VERDEJAR

2019





Essai vidéographique et édition / Video Essay and Publication


À l’extrémité nord-ouest de la ville de Tàrrega, les maisons font peu à peu place aux cyprès et aux agaves géants du parc de Sant-Eloi. Sur ce qui fut jadis un mont chauve, les arbres et les oiseaux apparaissent au détour des volées de marches. Pourtant, l’aridité demeure vive sous le soleil infatigable. Ici, un monceau de terre est pelleté ponctuellement, un arbre planté avec enthousiasme, tandis que des rigoles de sueurs coulent sous les bas de nylon et les habits propres.

Développé lors d’une résidence à l’Arxiu comarcal de l’Urgell (Archives locales d’Urgell, Catalogne) à l’été 2019, VERDEJAR expose les motifs politiques, hygiénistes et écologiques derrière la construction du parc de Sant Eloi, situé à Tàrrega, en Catalogne.
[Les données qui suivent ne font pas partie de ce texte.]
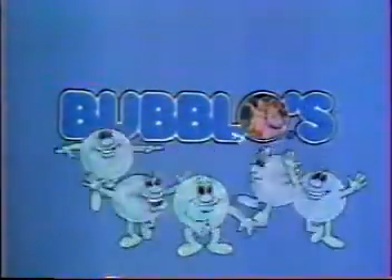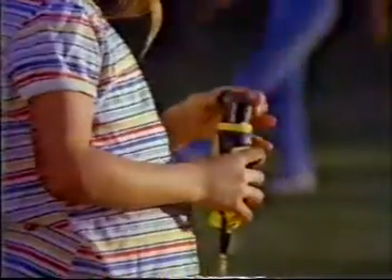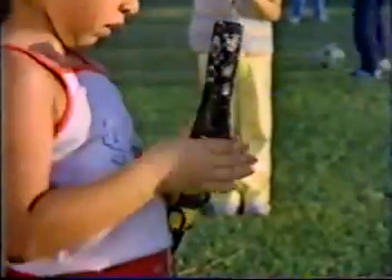Bubble O's! We're making bubbles all around, sailing up and down now. The good times have just begun. He better bubble be fun. Bubble Bee. Fill him up and soak his tail. Bubble O's. Put it on and let it sail. Bubble Bee. Round and round and round it goes. Bubble O's, lots and lots of bubbles are.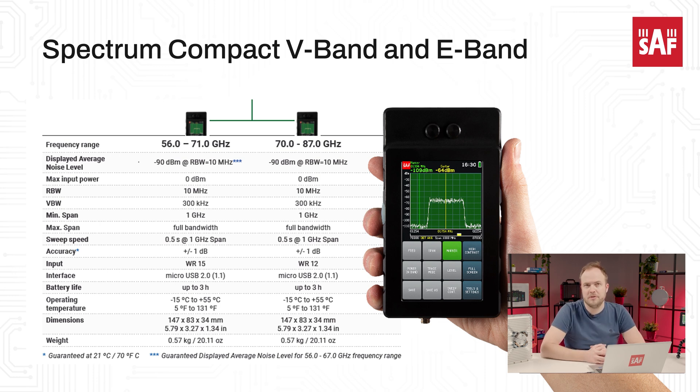Just like all the rest of the Spectrum Compact family units, they are designed for field applications and have the well-known characteristics of the series: a battery powered standalone device with an easy to use graphic user interface.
L’essai vidéographique VERDEJAR propose une déambulation dans le parc actuel. Sa bande sonore fut réalisée en collaboration avec des habitant∙es de la ville, qui récitent en chœur des discours, des entrevues radiophoniques, des poèmes, des chansons et autres extraits de correspondance issus du fonds d’archives du parc. Accompagnant la vidéo, une publication et une installation – basées sur une collection d’images et de textes d’archives – racontent le récit fragmenté de la création et de l’évolution du parc à travers les années.


As one reaches the north-west end of Tàrrega, houses give way to the cypresses and giant agaves of the park of Sant Eloi. On what was once a bald mountain, trees and birds unravel beneath flights of stairs. Yet, aridness can still be felt under the tireless sun. There, dirt is shoveled punctually, a tree gets planted enthusiastically, while small rivers of sweat run under shiny nylons and clean suits.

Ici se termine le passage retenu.